You should really use some sort of redundant arrangement to make sure that a failure of your backup device wont result in data loss.
You then need to either offsite the drives or keep them in a firesafe, in which case you probably need two sets of them so that you can keep one live and the other somewhere safe.
And of course the amazon solution leaves your data accessiblwe from anywhere.
This sounds good, as of lately my maxtor one touch HDD has been getting more and more corrupt sectors, and I am sick of running chkdsk overnight on it. I figure it's going to die on me soon and I don't look forward to getting another HDD.
Anyways, back on topic, at $0.15 a gig, it would take a long time before buying a hdd would be more affordable for me. (my hdd is 250g, I use about 100g, 100g = 15$, so after 10 months thats 150$... Still cheaper than this HDD that I didn't even get a year ago, on sale, for 200$)
I wonder if they will have an issue with my "favorite Bible quotes/hope_cops_dont_see_this" folder, or all of the iso's I downloaded *shify eyes*
Scott Swezey
lets see... for a year of 200gigs, that's $360 USD.
couldn't I jut buy a new hard drive every year or burn hundreds of DVDs for far far less? not to mention they'd be secure from whatever prying eyes or security holes an online backup provides.
Internet hard drives were tried years ago during the dot-com bubble and failed miserably.
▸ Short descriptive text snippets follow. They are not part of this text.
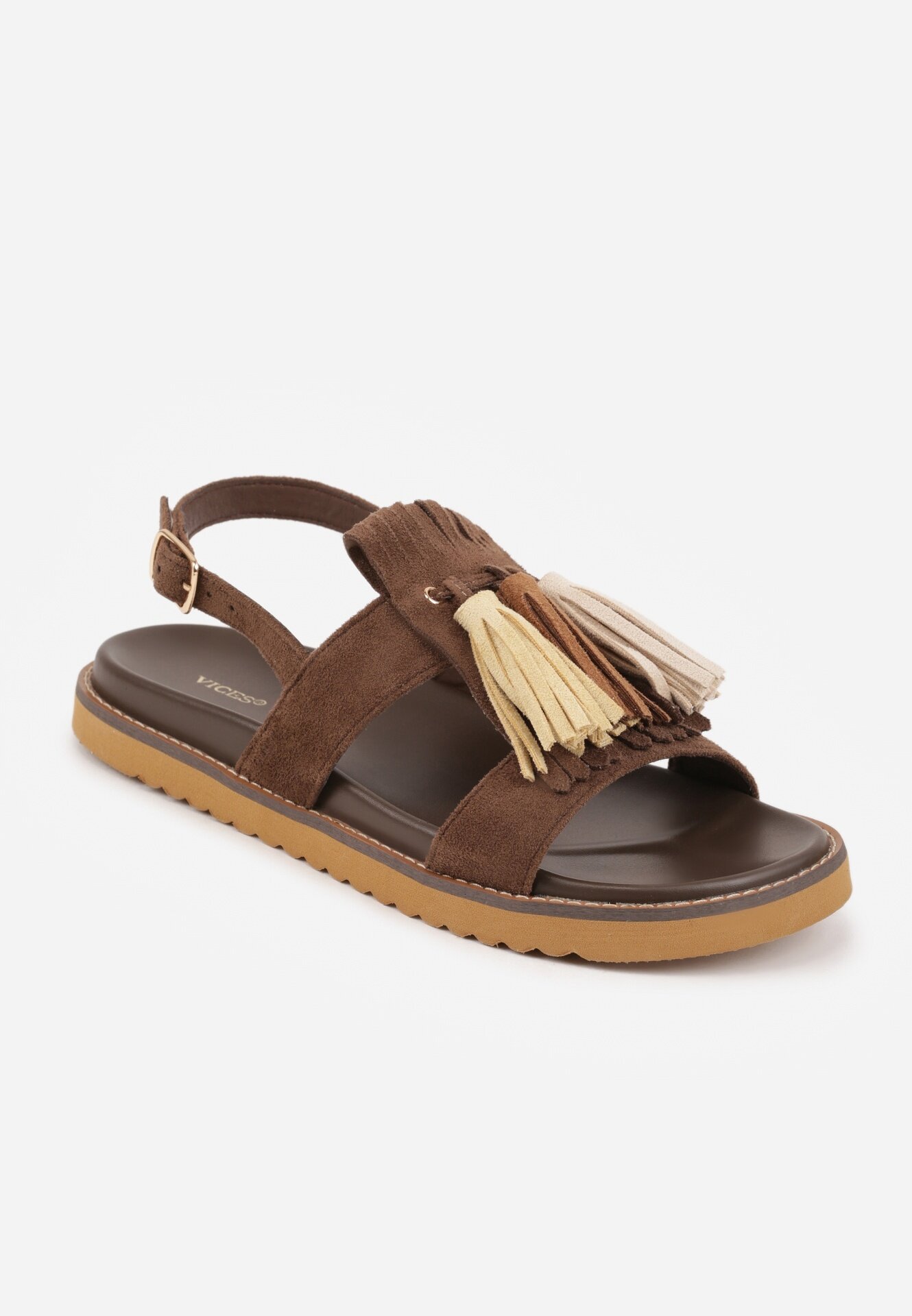 vices Sandale Wind Maro
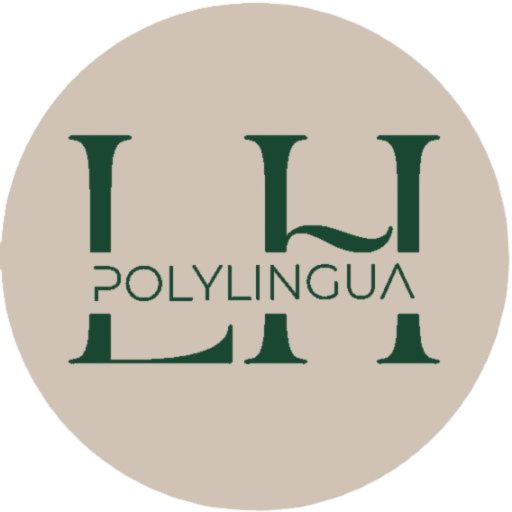 LH Polylingua
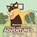 Harry Hamster Adventures, Michael John Miller - Paperback - 9781469168616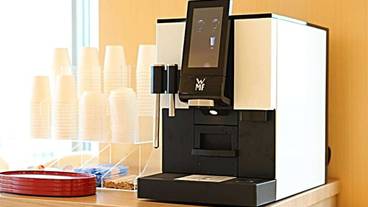 ラウンジ ドリンク / 1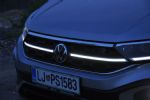 T-Roc je novi Golf - fotografija 2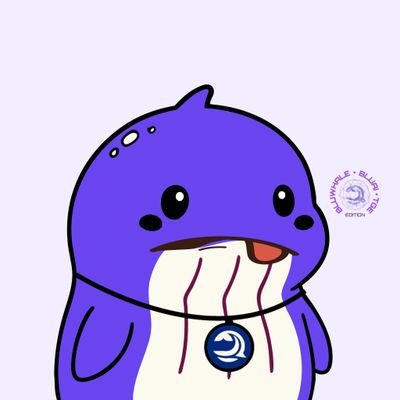 ManiaShakti's profile picture. Crypto. DeFi. Freedom.

On-chain thinker. Off-chain human.

Bullish on tech, not hype.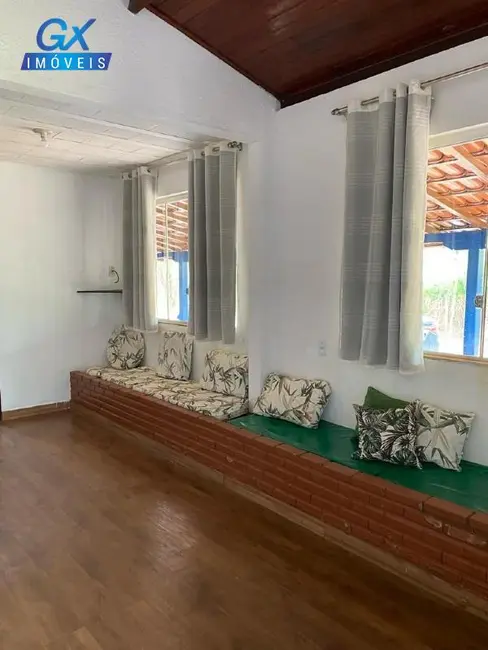 Foto 18 de Chácara à venda, 240m2 em Esmeraldas - MG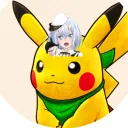 (YS)ゆっくりサーバー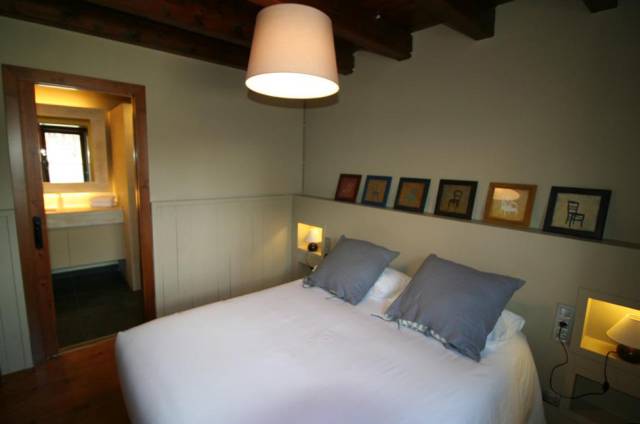 Quarto duplo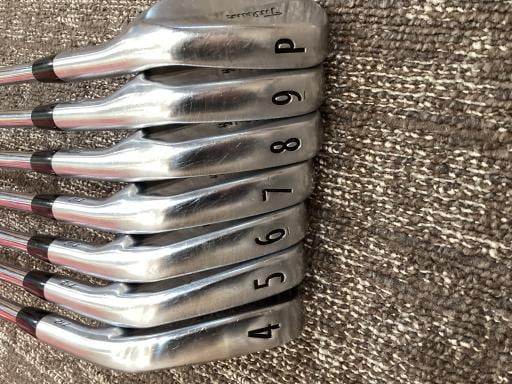 s@la@VPQ@Wri{FV{Zbgj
What's different about Amazon's service? If I can buy a whole new hard drive for about 30 cents a gig, why would I want the hassle of uploading and downloading from a remote site?
Not to mention the time it would take to upload a few gigabytes -- cable modems are good at downloading, but they are NOT good at uploading.
First, hard drives are a very poor choice for backups. In addition to media failure, you also have serious problems with failure of the electronic hardware. There are just too many single points of failure. Tape is far superior.
Second, unless you have an extraordinary fire-proof safe, off site if far superior. Fire-proof safes are really only fire resistant -- it is merely a question of how long it takes for the internal contents to get warm enough to destroy the contents.
8) If your Application is determined (for any reason or no reason at all, in our sole discretion) to be unsuitable for Amazon Web Services, we may suspend your access to Amazon Web Services or terminate this Agreement at any time, without notice.
I am not sure I see the point of using a storage service that has the right to unilaterally terminate my agreement and thus, presumably, destroy anything I have stored.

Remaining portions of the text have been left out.